How I messed up a kubernetes upgrade of the Rancher local cluster
Posted on February 10, 2022 by Adrian Wyssmann ‐ 5 min read
Today I wanted to update the local Rancher cluster to the latest kubernetes version, which went horribly wrong. Let me explain what happened and what we learned out of it.
How all started
If you are using Rancher you have a “local” or managing server or cluster, which manages 1 to n “Downstream Clusters”. Today we planned to upgrade the local Rancher cluster in “non-production” to a more recent kubernetes version, as we are currently still running on 1.18.
We have the upgrade procedure performed several times in the past years, so we have all steps documented - so we believed at least. Unfortunately the last upgrade was done months back. We are using RKE to manage the local cluster so our upgrade procedure is like this:
run a etcd snapshot - we do this despite the fact we also have regular etcd backups setup
./rke etcd snapshot-save --config rancher-cluster.yaml --name $(date '+%Y%m%d%H%m')
When the backup has been completed successfully, use rke to upgrade the Kubernetes cluster.
Update the version of the kubernetes in
rancher-cluster.yaml
(run./rke config --list-version --all
to see all available versions):sudo sed -i -- 's/v1.*-[0-9a-z]/v1.18.10-rancher1-1/g' rancher-cluster.yaml
Check the file
cat rancher-cluster.yaml | grep "kubernetes_version" kubernetes_version: "v1.x.x-rancherx-x"
Run update
./rke_1.x.x up -config rancher-cluster.yaml
For completeness, the rancher-cluster.yaml
looks like this:
ignore_docker_version: true
nodes:
- address: 10.123.45.32
user: rancher
role: [controlplane,etcd,worker]
ssh_key_path: server0005/id_rsa
- address: 10.123.45.31
user: rancher
role: [controlplane,etcd,worker]
ssh_key_path: server0004/id_rsa
- address: 10.123.45.33
user: rancher
role: [controlplane,etcd,worker]
ssh_key_path: server0006/id_rsa
private_registries:
- url: docker.intra
is_default: true
services:
etcd:
snapshot: true # enables recurring etcd snapshots
creation: 6h0s # time increment between snapshots
retention: 72h # time increment before snashots
The upgrade itself seemed fine, there were no obvious errors, however after rke
finished, Rancher API was not reachable, hence no access to the Rancher UI nor access to the downstream clusters via kubectl
.
Restore issues
While we were trying to restore the state from the backup, we faced several issues
At first, restoring the backup did not work with the most recent backup.
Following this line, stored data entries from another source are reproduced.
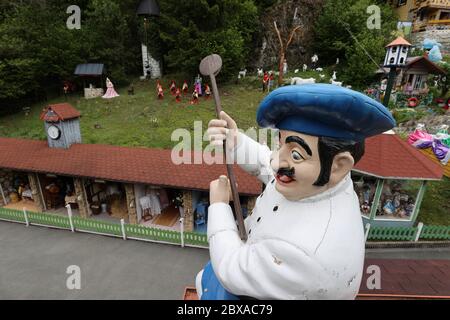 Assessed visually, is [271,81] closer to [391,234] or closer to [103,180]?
[391,234]

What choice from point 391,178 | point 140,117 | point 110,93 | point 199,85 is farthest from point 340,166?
point 110,93

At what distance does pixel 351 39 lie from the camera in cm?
2175

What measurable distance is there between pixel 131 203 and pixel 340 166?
8268 millimetres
While trying to restore it did not find cluster.rkestate
from within the backup, so what rke then does is using the local file - the one in the same folder as from which you run rke. This file however, already contains the status from the recent upgrade, so restore just does not work. We noticed that it still uses the docker containers for v1.22.6-rancher1-1
instead of v1.18.x-rancher1-1
.
As per our restore docu, we sync this particular rke folder daily (on 00:00) to a separate file share, so we should find the desired cluster.rkestate
(the one before we ran the upgrade this morning) there. Sadly the sync job did not seem to properly work, as it only partly synched some of the files. We had a cluster.rkestate
from 2019. We have to figure out why this is, but first we need to restore the cluster.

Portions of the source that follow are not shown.